Pecten geophysicists Bill Elbel and Tom Baird mapped a high amplitude reflection tentatively tied to the turbidite gas sand interval in the SPS-11. This strong reflection expanded down the north plunge of the anticline from the area between the SPS-21 and the SPS-11.
They interpreted the thickness of the porous sand, which gave rise to this reflection.
Next, a recommendation was prepared under the direction of Richard Gardell and Jack Edwards to drill a third well on the Merluza prospect.
During 1984 Pecten, acting alone, drilled the SPS-20 three kilometers north of the first well (SPS-11) on the fold axis, within closure, but well down the north plunge. SPS-20 was a gas condensate discovery in the Itajai turbidite with 26 meters (86 feet) of pay with 20 percent porosity.

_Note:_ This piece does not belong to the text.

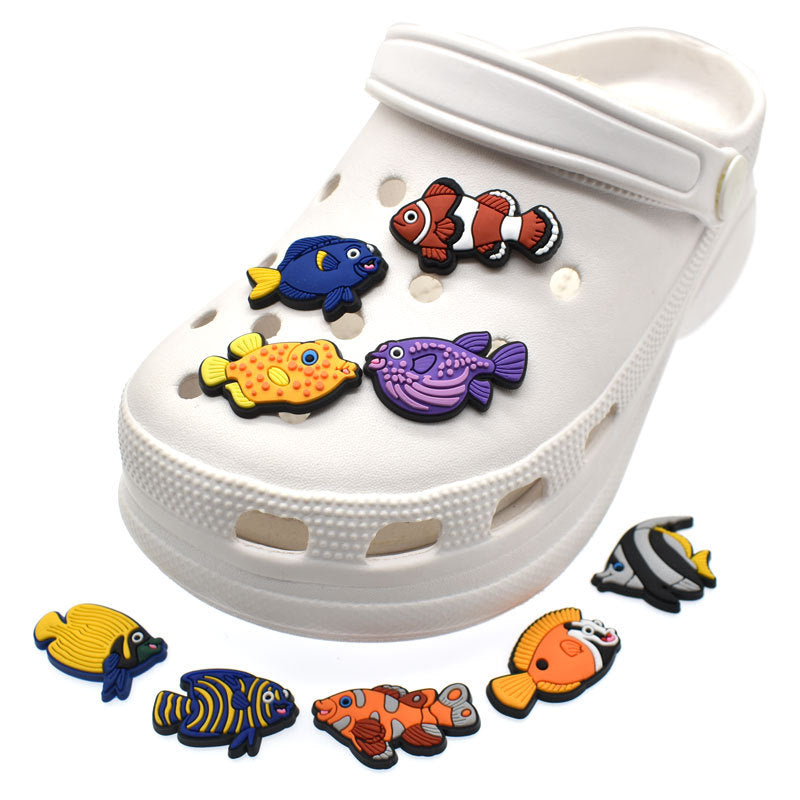 CF  146  Crocs Croc  Sea Fish Cartoon  Decoration Silicon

During 1985-86, Pecten conducted additional geologic studies by Sharps and Patricia Santigrossi. Geophysical analysis of reprocessed seismic data (by Elbel, supervised by Baird) resulted in excellent ties with the well log synthetics. This seismic data was used to map the Turonian reservoir thickness and extent.
This work increased confidence in the porosity -- thickness geometry of the reservoir beyond the economic threshold of gas volume needed to proceed with development.
While exploration studies and economic evaluation continued, discussions with Petrobras took place to formulate a gas contract.
The original risk contract did not contain a gas development clause. These discussions were led by Phil Jensen, Bruce Bernard and Fred MacDougal of Pecten, and Luis Reis of Petrobras.
Pecten and Petrobras eventually agreed to a development plan, and from 1986 to 1990 six development wells were drilled based on the seismically mapped reservoir geometry.
A production platform and a 100-mile pipeline to shore was constructed. Commercial production was established in May 1993 and gas began to flow to Sao Palo, Brazil. The Merluza field operation was turned over to Petrobras in accordance with the risk contract.
Merluza has produced an average of 60 million cubic feet of gas and 3,000 barrels of condensate per day. The original estimated ultimate recovery for Merluza Field was 300 billion cubic feet of gas plus 11 million barrels of oil.
Subsequently Petrobras has discovered four oil and gas fields in Lower Cretaceous limestones in the southern part of the Santos Basin. Pecten had drilled one of these blocks and decided not to test or complete the well because of the 2000-ppm H2S content of the gas in this offshore location.